---------- DATA SUPPLIED

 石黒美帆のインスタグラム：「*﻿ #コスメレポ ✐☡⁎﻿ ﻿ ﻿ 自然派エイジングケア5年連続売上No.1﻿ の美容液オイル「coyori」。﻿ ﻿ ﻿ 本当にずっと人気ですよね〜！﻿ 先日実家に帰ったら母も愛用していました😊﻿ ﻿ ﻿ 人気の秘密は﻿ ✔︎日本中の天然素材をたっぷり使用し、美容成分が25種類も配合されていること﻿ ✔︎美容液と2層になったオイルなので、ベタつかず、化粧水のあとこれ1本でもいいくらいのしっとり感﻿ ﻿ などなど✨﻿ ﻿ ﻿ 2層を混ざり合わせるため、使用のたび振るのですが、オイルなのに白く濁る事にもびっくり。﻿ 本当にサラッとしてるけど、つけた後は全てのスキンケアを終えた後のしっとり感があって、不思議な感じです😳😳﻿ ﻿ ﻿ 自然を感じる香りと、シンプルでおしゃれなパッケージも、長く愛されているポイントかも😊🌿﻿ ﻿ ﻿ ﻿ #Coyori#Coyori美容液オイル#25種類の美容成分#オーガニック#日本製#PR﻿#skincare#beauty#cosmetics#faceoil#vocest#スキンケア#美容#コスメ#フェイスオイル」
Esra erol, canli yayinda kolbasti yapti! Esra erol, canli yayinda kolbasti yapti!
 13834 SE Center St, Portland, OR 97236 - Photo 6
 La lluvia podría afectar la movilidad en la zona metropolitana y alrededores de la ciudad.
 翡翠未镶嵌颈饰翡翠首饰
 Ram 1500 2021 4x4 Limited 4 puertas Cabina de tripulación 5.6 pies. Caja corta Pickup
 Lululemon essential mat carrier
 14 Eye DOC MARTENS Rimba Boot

--------------------
---------- DATA SUPPLIED

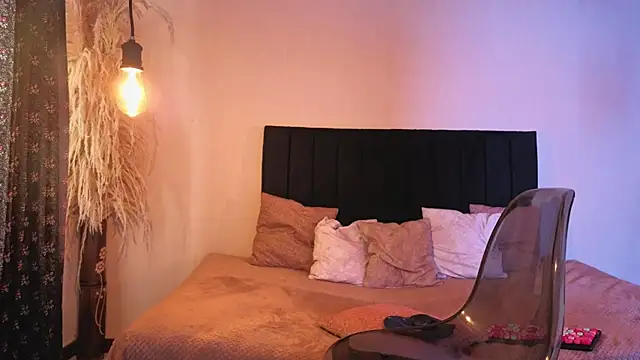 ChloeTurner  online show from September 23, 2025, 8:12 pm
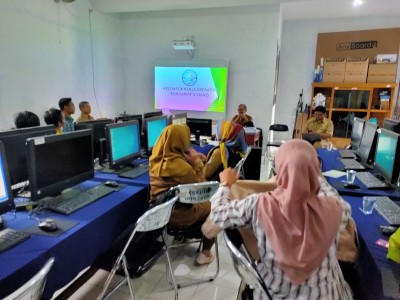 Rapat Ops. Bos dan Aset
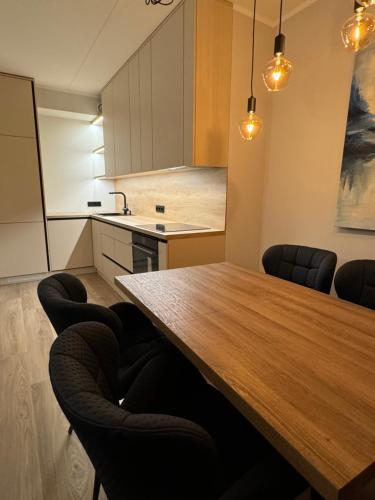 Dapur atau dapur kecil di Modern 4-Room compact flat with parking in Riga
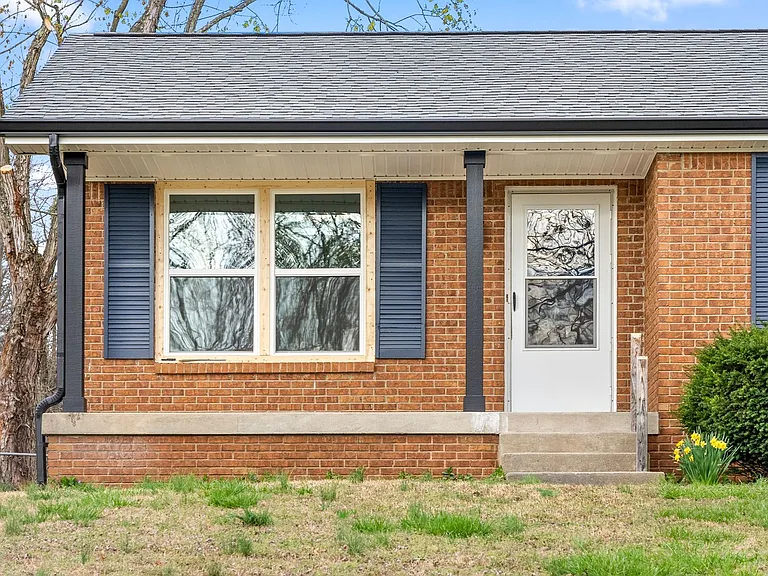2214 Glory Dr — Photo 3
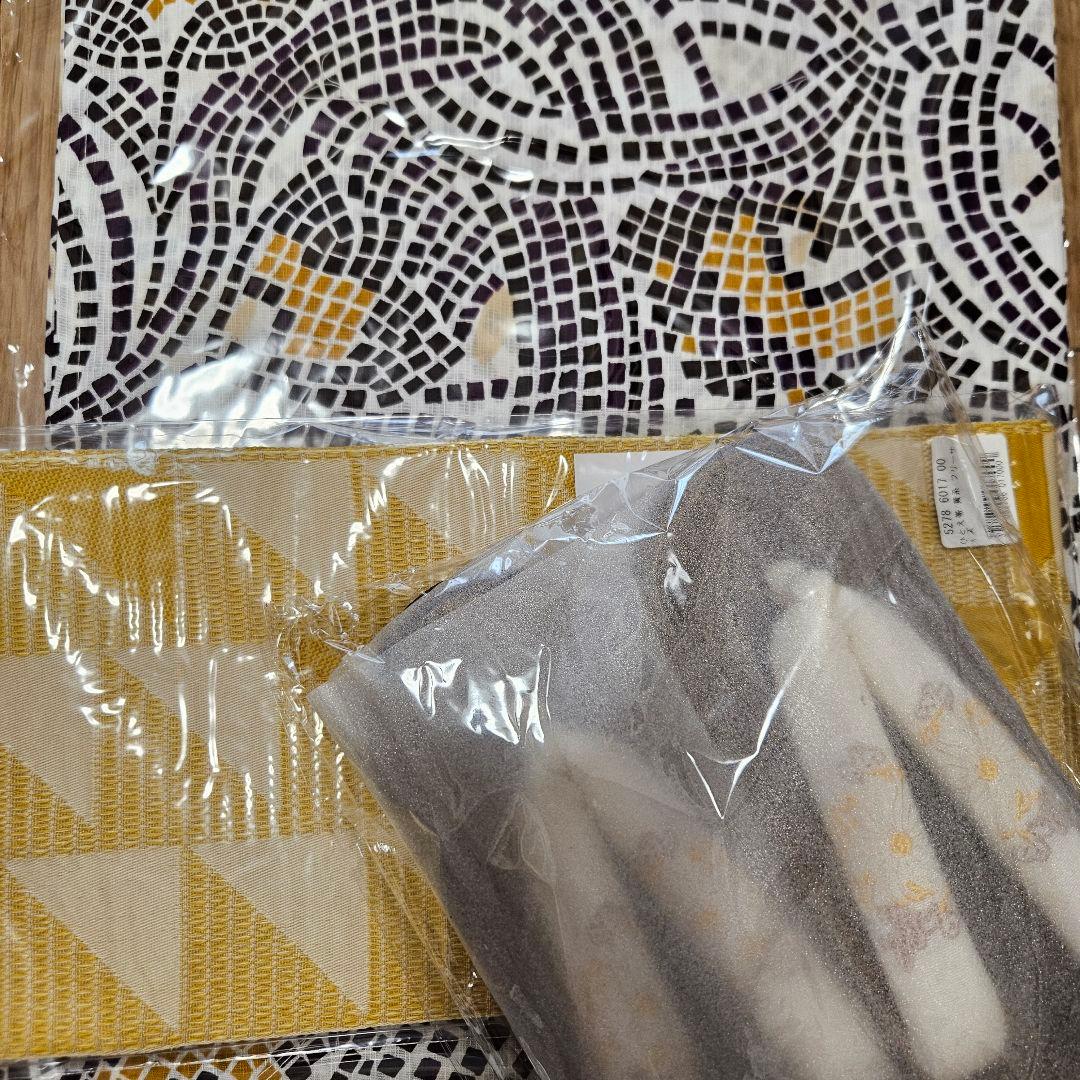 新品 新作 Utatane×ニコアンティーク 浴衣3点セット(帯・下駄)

--------------------
---------- DATA SUPPLIED

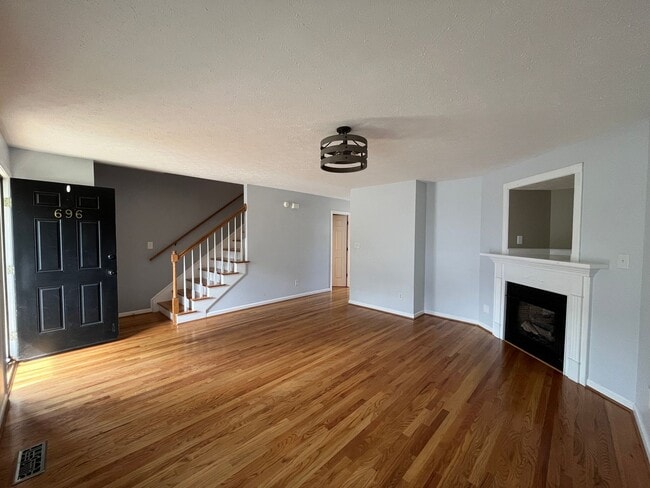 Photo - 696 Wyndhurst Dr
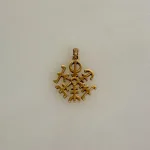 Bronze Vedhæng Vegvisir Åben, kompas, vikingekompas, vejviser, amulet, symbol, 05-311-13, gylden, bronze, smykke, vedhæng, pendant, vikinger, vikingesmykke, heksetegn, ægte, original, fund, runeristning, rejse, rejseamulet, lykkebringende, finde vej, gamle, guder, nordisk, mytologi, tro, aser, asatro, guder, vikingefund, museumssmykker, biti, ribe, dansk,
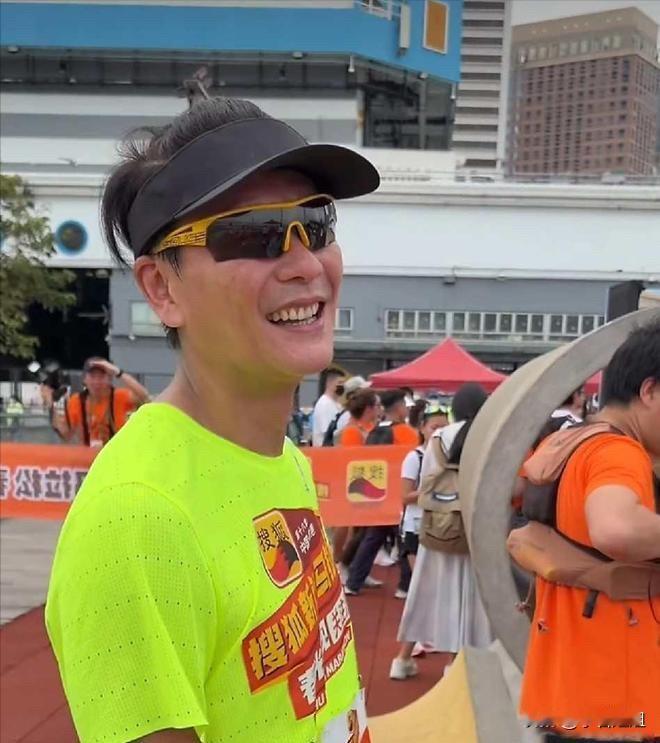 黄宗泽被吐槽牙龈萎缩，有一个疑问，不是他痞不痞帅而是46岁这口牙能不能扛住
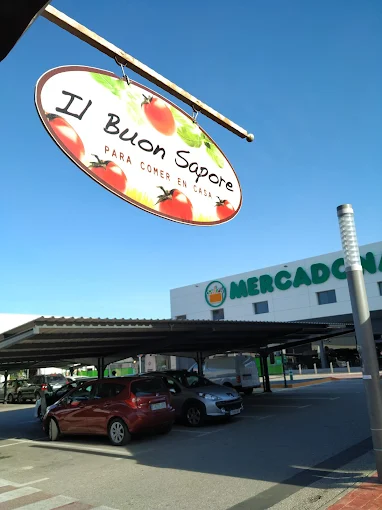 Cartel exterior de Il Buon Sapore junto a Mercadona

--------------------

# PROBLEM DESCRIPTION
Among the entries above, find the line with "13834 SE Center" and the line with "14 Eye DOC MARTENS Rimba Boot"; give again exactly these two lines and all lines between them.

# TASK ANSWER
 13834 SE Center St, Portland, OR 97236 - Photo 6
 La lluvia podría afectar la movilidad en la zona metropolitana y alrededores de la ciudad.
 翡翠未镶嵌颈饰翡翠首饰
 Ram 1500 2021 4x4 Limited 4 puertas Cabina de tripulación 5.6 pies. Caja corta Pickup
 Lululemon essential mat carrier
 14 Eye DOC MARTENS Rimba Boot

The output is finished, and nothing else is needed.